Data to use:
○ ○ ○ ○ ○ ○ ○
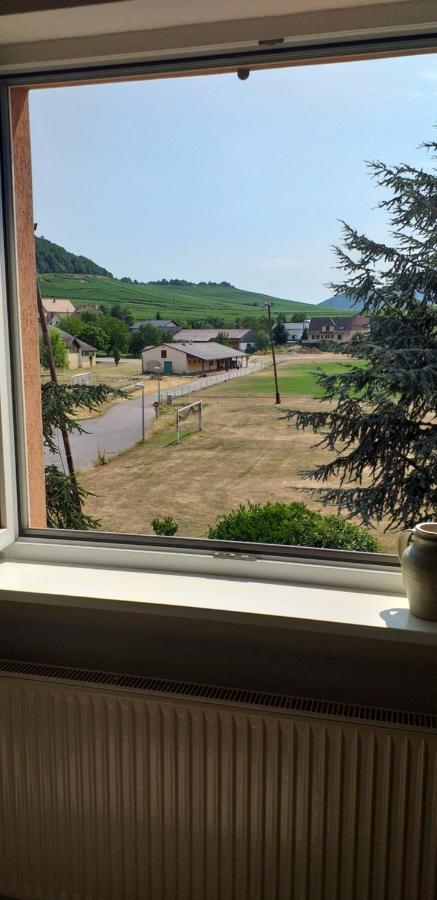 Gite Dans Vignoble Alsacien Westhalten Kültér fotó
○ ○ ○ ○ ○ ○ ○
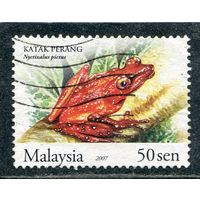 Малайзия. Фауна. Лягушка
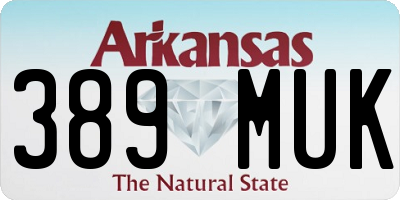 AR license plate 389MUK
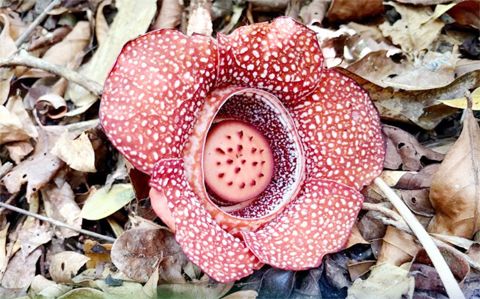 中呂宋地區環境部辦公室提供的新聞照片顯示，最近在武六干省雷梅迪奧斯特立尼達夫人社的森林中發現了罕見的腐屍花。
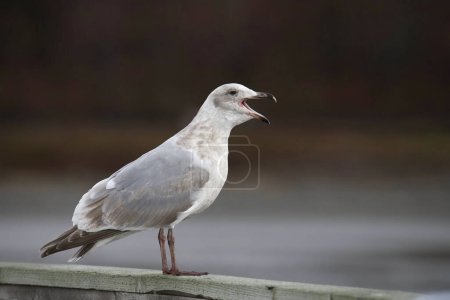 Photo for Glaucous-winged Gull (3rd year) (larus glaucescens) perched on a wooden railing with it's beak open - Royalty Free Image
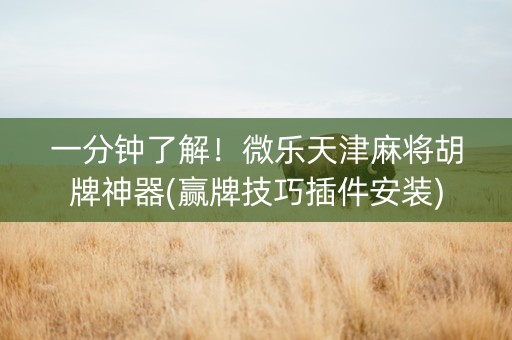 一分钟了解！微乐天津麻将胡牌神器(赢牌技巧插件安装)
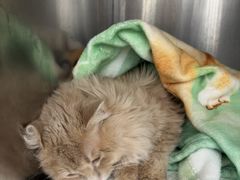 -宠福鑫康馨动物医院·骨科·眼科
○ ○ ○ ○ ○ ○ ○
Required action: Working from the records above, set down word for word everything from the line containing "中呂宋地區環境部辦公室提供的" down to the line containing "-宠福鑫康馨动物医院·骨科·眼科", ends included, minus the pictures.

Answer for the task:
 中呂宋地區環境部辦公室提供的新聞照片顯示，最近在武六干省雷梅迪奧斯特立尼達夫人社的森林中發現了罕見的腐屍花。
 Photo for Glaucous-winged Gull (3rd year) (larus glaucescens) perched on a wooden railing with it's beak open - Royalty Free Image
 一分钟了解！微乐天津麻将胡牌神器(赢牌技巧插件安装)
 -宠福鑫康馨动物医院·骨科·眼科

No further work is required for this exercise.